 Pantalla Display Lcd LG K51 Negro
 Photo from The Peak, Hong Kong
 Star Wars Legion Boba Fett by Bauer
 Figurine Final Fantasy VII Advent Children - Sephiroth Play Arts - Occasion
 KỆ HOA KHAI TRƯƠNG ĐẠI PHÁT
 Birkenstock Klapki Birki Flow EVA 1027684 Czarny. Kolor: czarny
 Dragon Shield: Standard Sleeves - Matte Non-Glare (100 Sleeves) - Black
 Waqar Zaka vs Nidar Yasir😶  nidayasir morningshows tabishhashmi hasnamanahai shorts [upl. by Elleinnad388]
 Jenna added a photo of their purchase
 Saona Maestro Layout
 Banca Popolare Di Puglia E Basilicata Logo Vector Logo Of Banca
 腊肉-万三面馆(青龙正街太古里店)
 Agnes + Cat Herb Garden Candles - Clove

_____

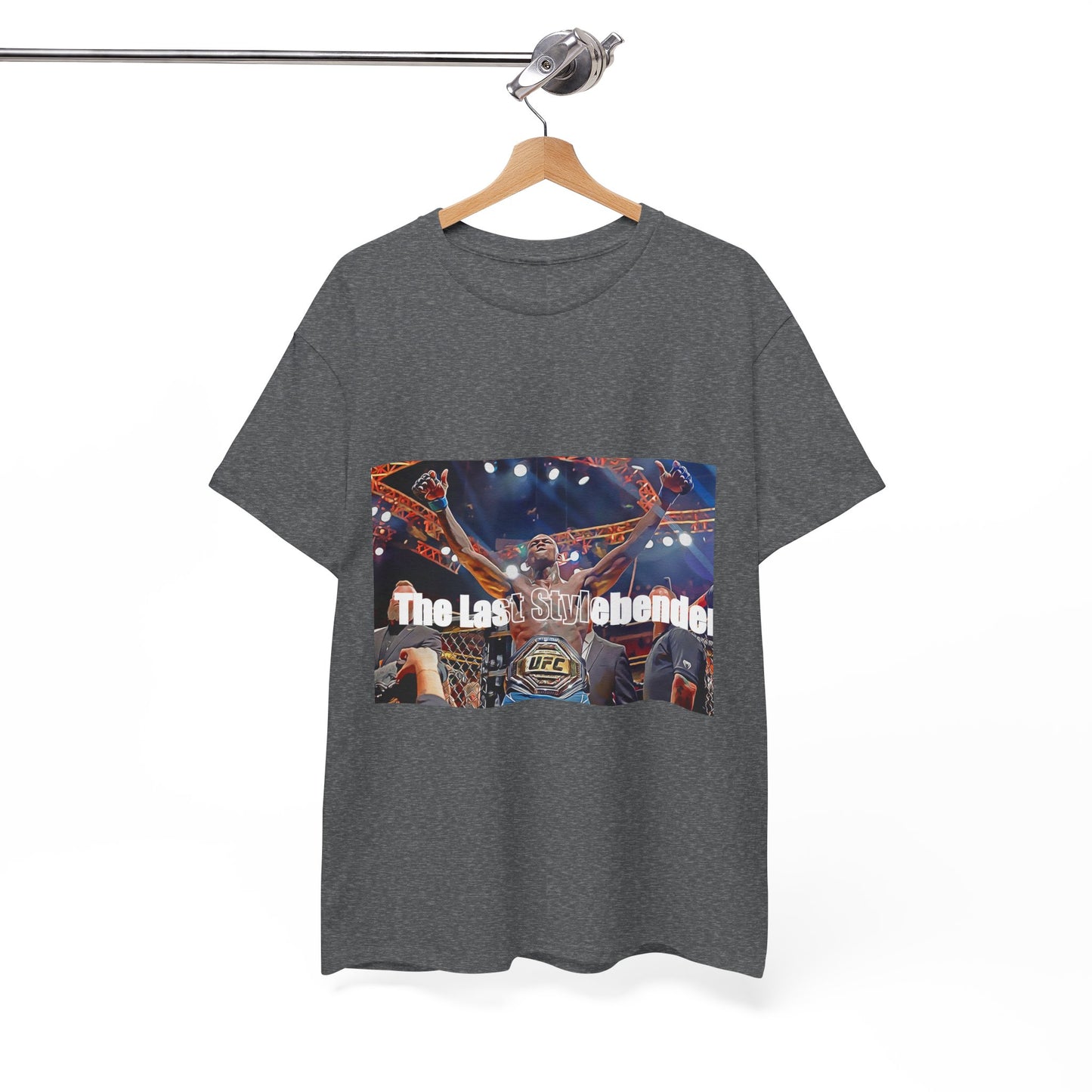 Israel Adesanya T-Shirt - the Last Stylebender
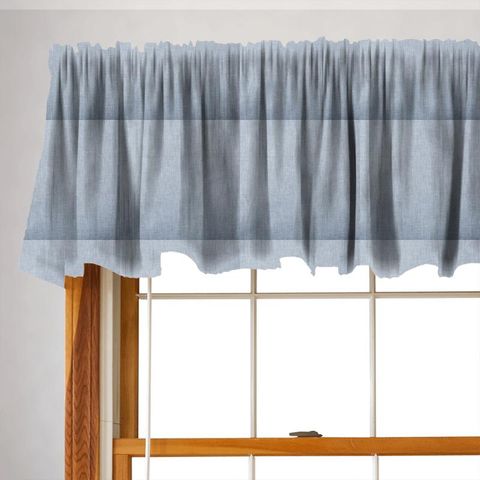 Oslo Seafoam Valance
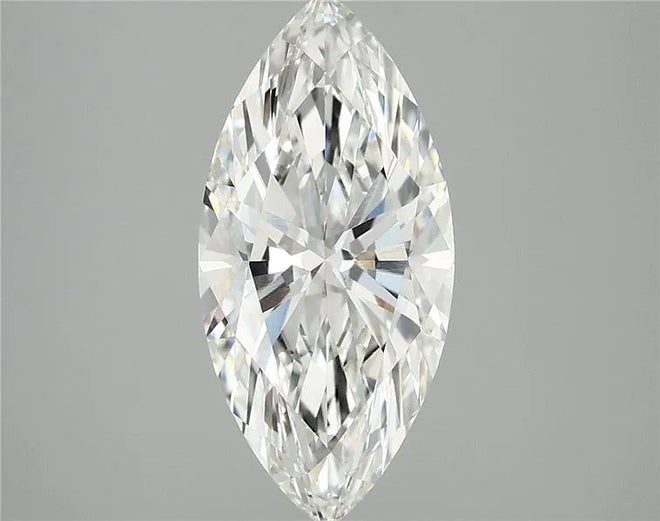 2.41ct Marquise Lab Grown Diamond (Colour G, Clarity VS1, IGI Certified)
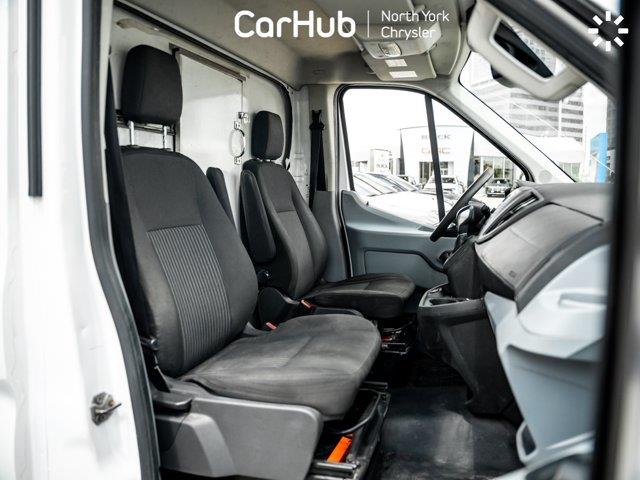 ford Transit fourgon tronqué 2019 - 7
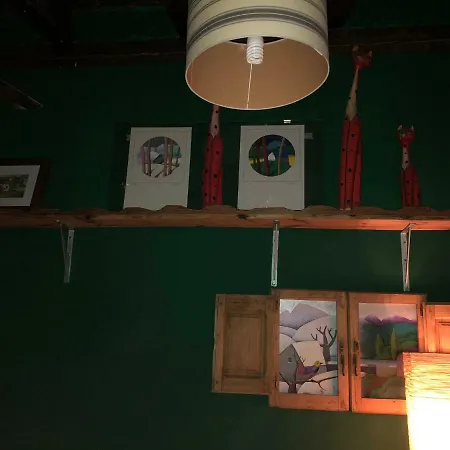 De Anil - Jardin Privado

_____

• _Work instructions_: Copy word for word the lines of the records above from the one with "ford Transit fourgon tronqué 2019 - 7" up to and including the one with "De Anil - Jardin Privado". Skip the pictures.

• _Solution for this task_:
 ford Transit fourgon tronqué 2019 - 7
 De Anil - Jardin Privado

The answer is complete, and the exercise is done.